Please begin with the line containing "[1 PAK ISI 25" and reproduce each line exactly until the records below end, without any pictures.

:: Provided records ::

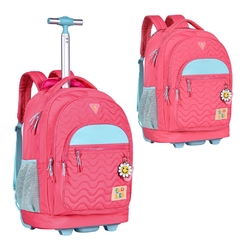 Kit Mochila de Rodinhas em Nylon OFICIAL LULUCA LU24077 Rosa - comprar online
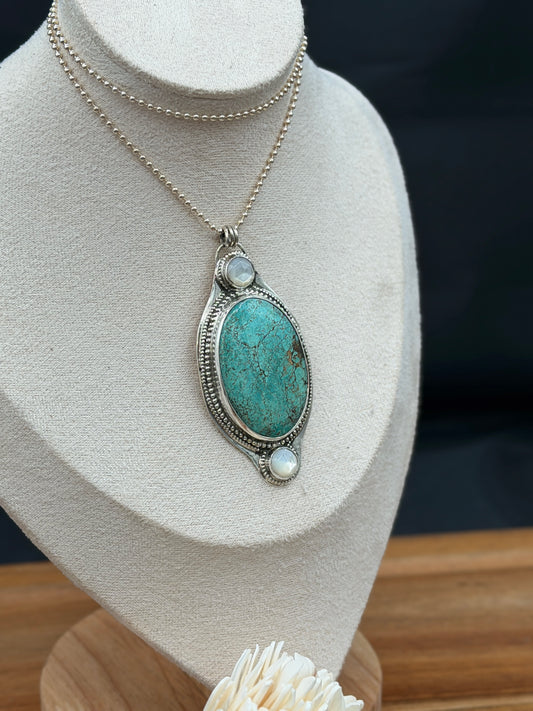 Sterling Silver Hubei Turquoise and MOP Pendant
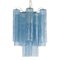 Lámpara de araña Tronchi de suspensión de cristal de Murano azul, Italia, años 90, Imagen 2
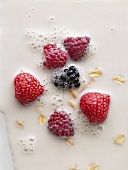 Berries with muesli in milk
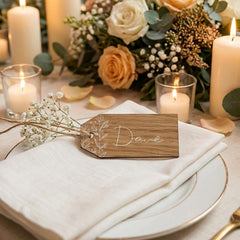 Luck and Luck Personalised Wooden Floral Place Name Table Settings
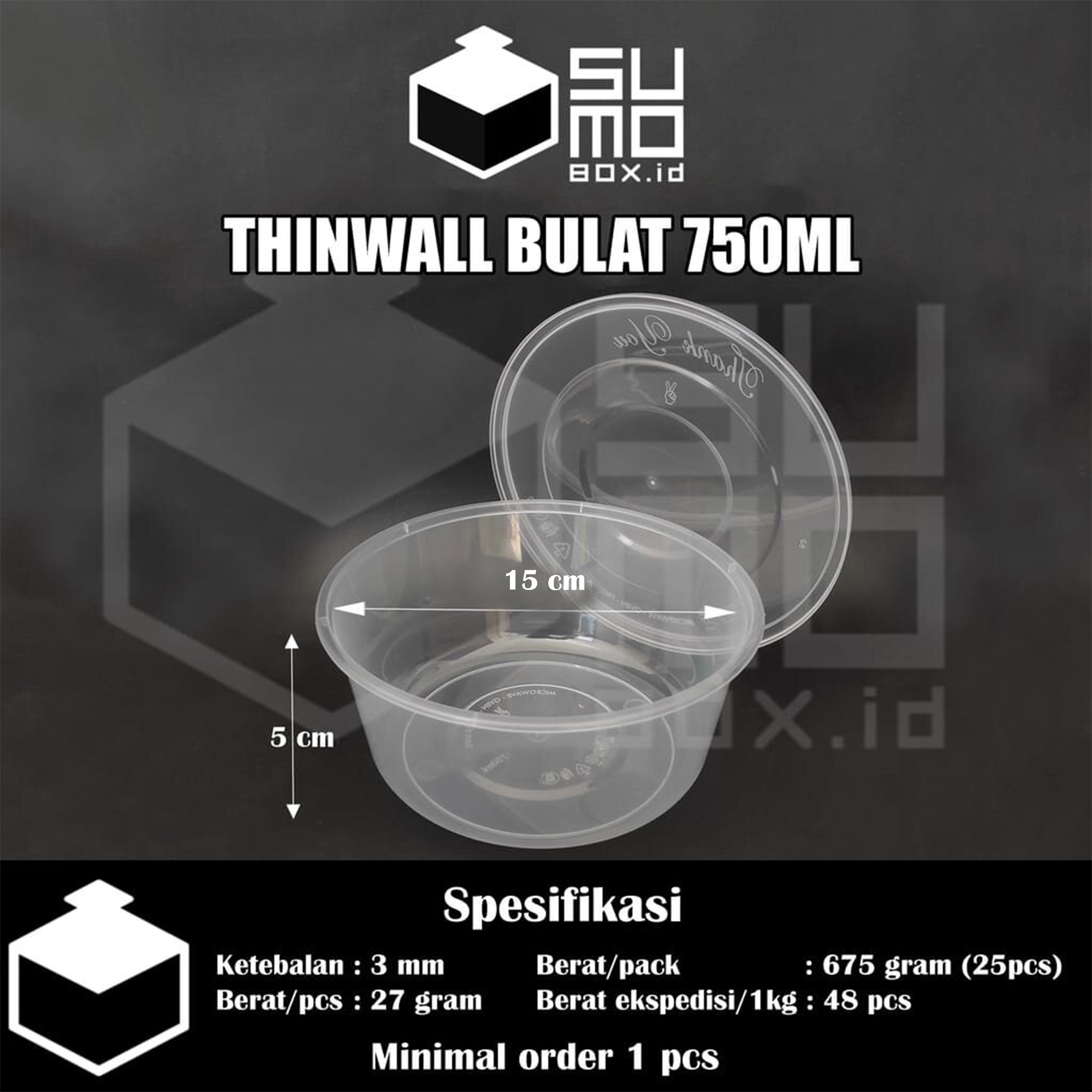 [1 PAK ISI 25 PCS] Thinwall MANGKOK BULAT 750ml + tutup / bowl plastik mangkuk baso bubur mie rice bowl 750 ml
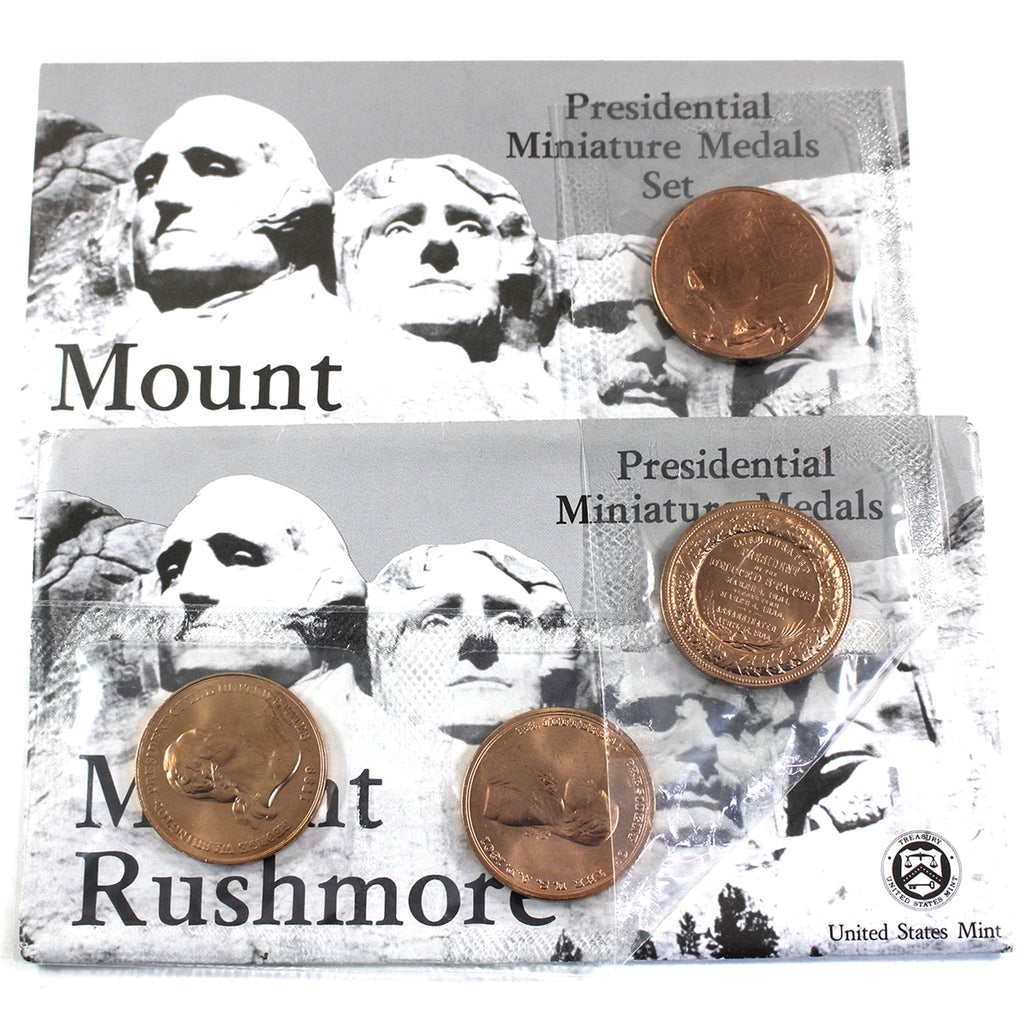 1991 USA Mount Rushmore Presidential Medals Set of 4Pcs (Wear on envelope, pamphlet)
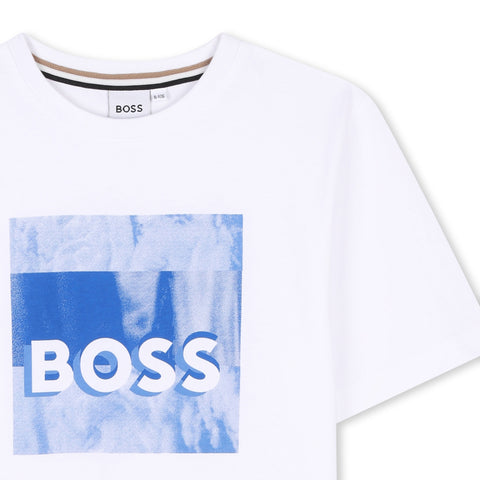 Boss Boys White Short Sleeve T-Shirt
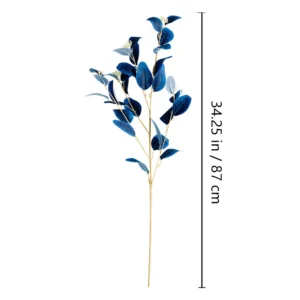 Alternate view of blue size 87cm artificial velvet eucalyptus spray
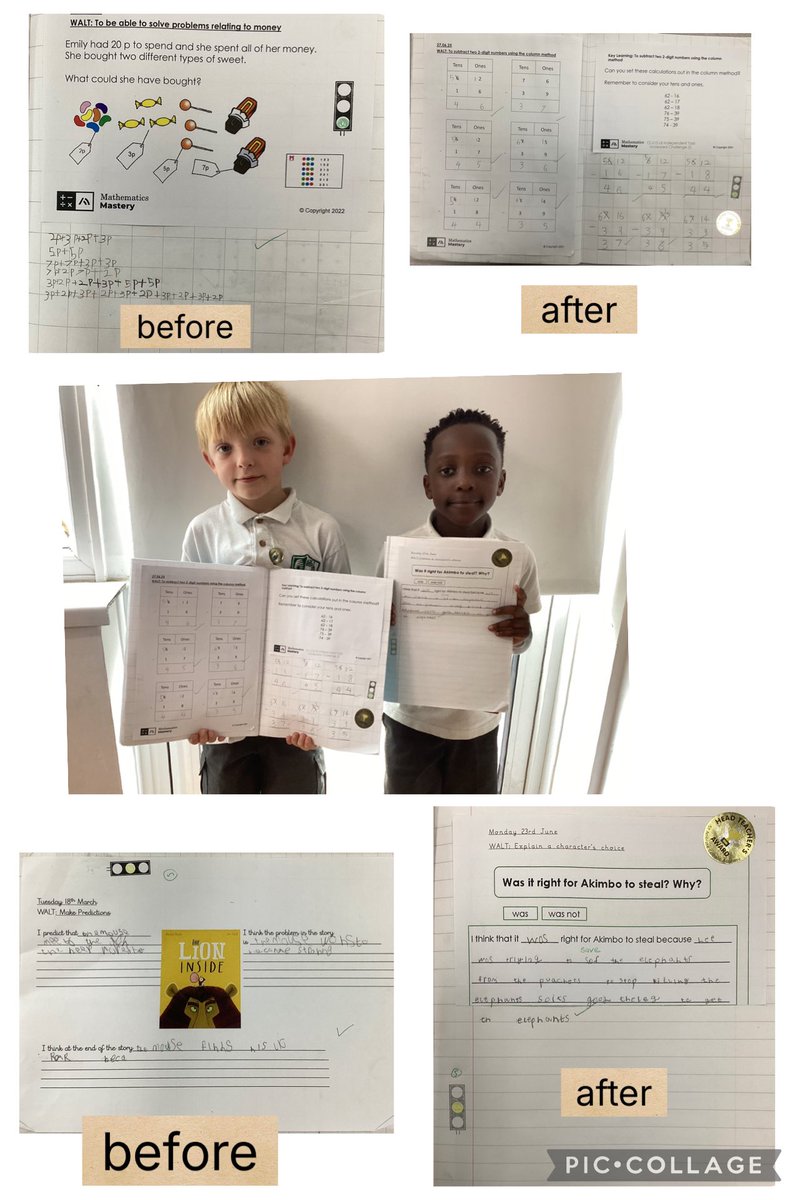 Amazing progress from these two shining stars from last term to this term. Look at the pride on their faces after receiving a special ‘Head Teacher Award’ sticker! #Ambitiouscurriculum 💚💚👏🏼👏🏼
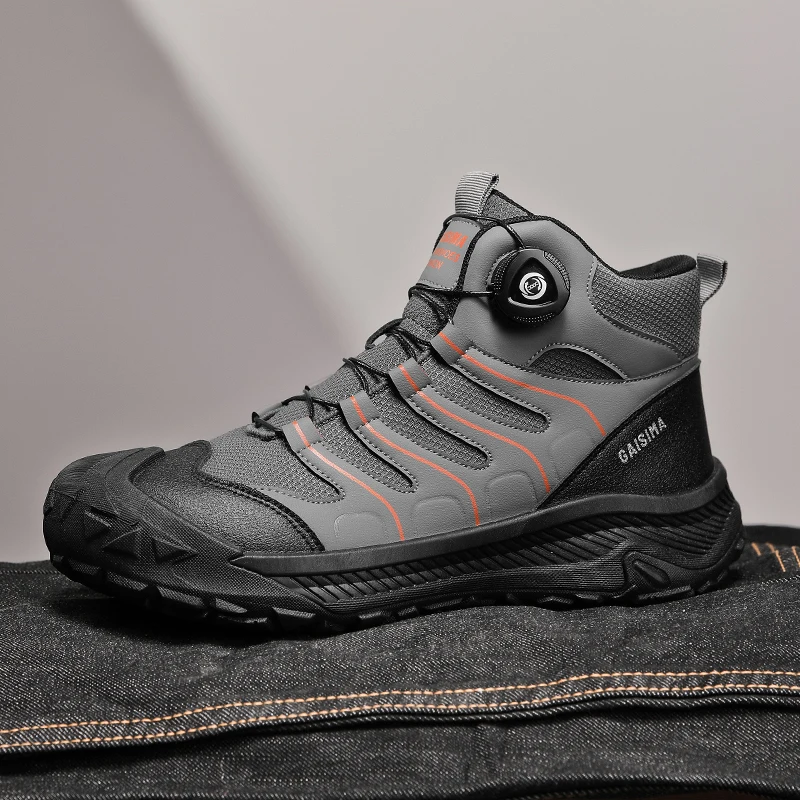 

Осенние и зимние кожаные ботинки с вращающимися пуговицами, модные короткие ботинки, военные ботинки, уличные походные ботинки с защитой от столкновений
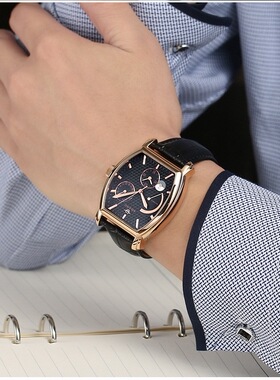 AILANG艾浪真皮多功能全自动机械表潮流时尚高端商务防水夜光男表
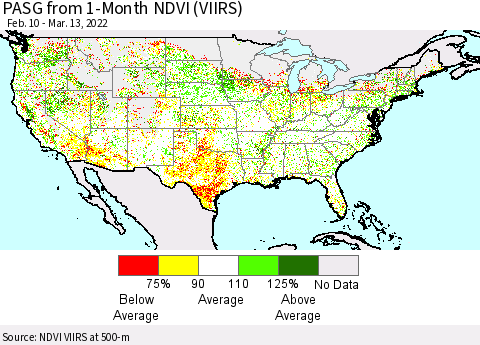 United States PASG from 1-Month NDVI (VIIRS) Thematic Map For 3/6/2022 - 3/13/2022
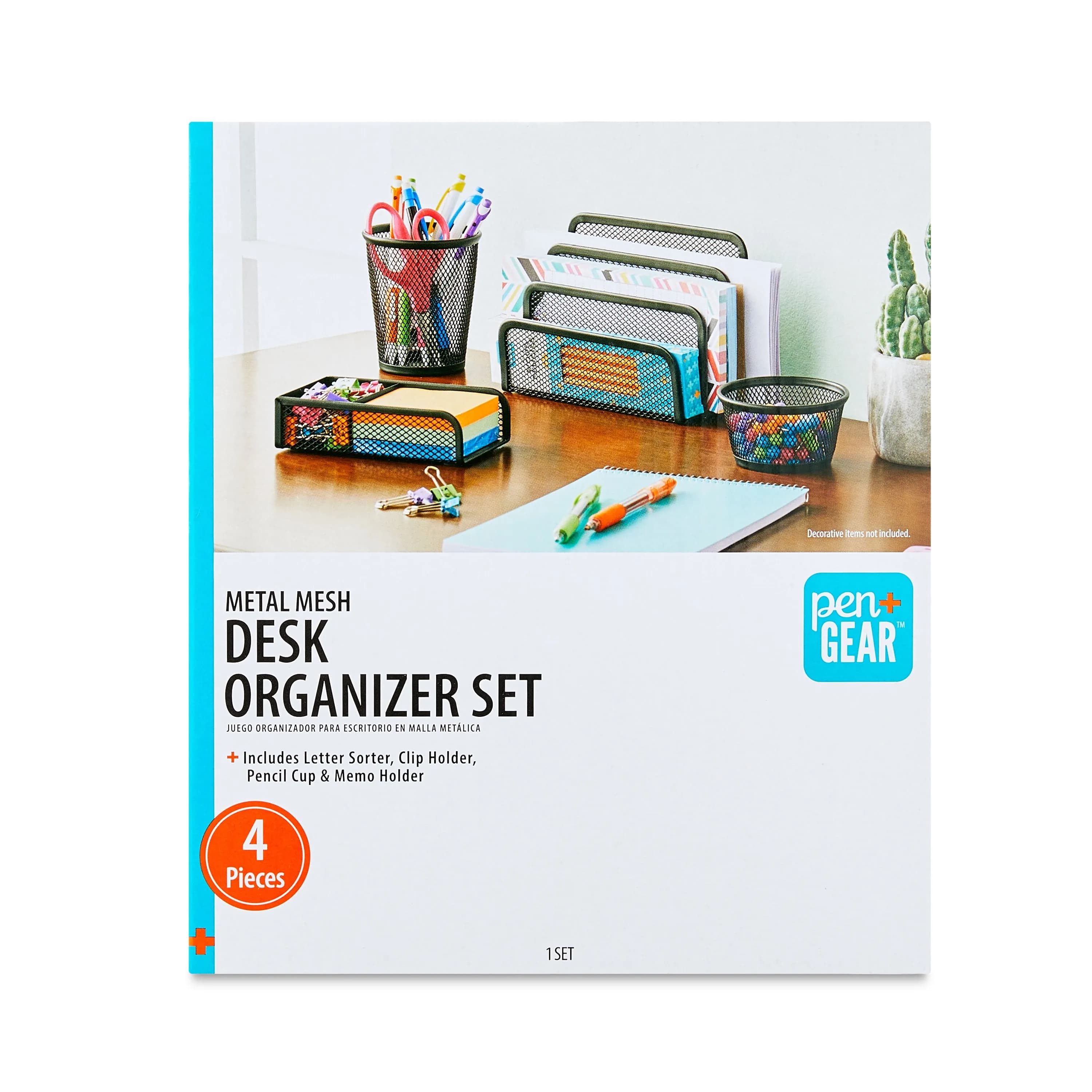 Pengear Metal Desk Organizer Set Black 4 Pieces
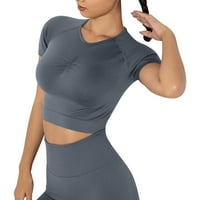 Дамски блузи дамски модни Безшевни Плътен цвят Спортни йога с къс ръкав тениска Топ м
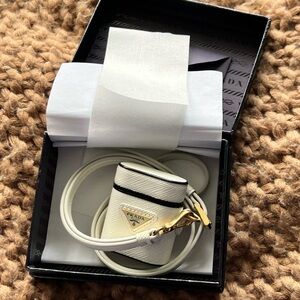 Prada Saffiano White Leather AirPods Case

:::

- [Output of the exercise]:
 [1 PAK ISI 25 PCS] Thinwall MANGKOK BULAT 750ml + tutup / bowl plastik mangkuk baso bubur mie rice bowl 750 ml
 1991 USA Mount Rushmore Presidential Medals Set of 4Pcs (Wear on envelope, pamphlet)
 Boss Boys White Short Sleeve T-Shirt
 Alternate view of blue size 87cm artificial velvet eucalyptus spray
 Amazing progress from these two shining stars from last term to this term. Look at the pride on their faces after receiving a special ‘Head Teacher Award’ sticker! #Ambitiouscurriculum 💚💚👏🏼👏🏼

Осенние и зимние кожаные ботинки с вращающимися пуговицами, модные короткие ботинки, военные ботинки, уличные походные ботинки с защитой от столкновений
 AILANG艾浪真皮多功能全自动机械表潮流时尚高端商务防水夜光男表
 United States PASG from 1-Month NDVI (VIIRS) Thematic Map For 3/6/2022 - 3/13/2022
 Pengear Metal Desk Organizer Set Black 4 Pieces
 Дамски блузи дамски модни Безшевни Плътен цвят Спортни йога с къс ръкав тениска Топ м
 Prada Saffiano White Leather AirPods Case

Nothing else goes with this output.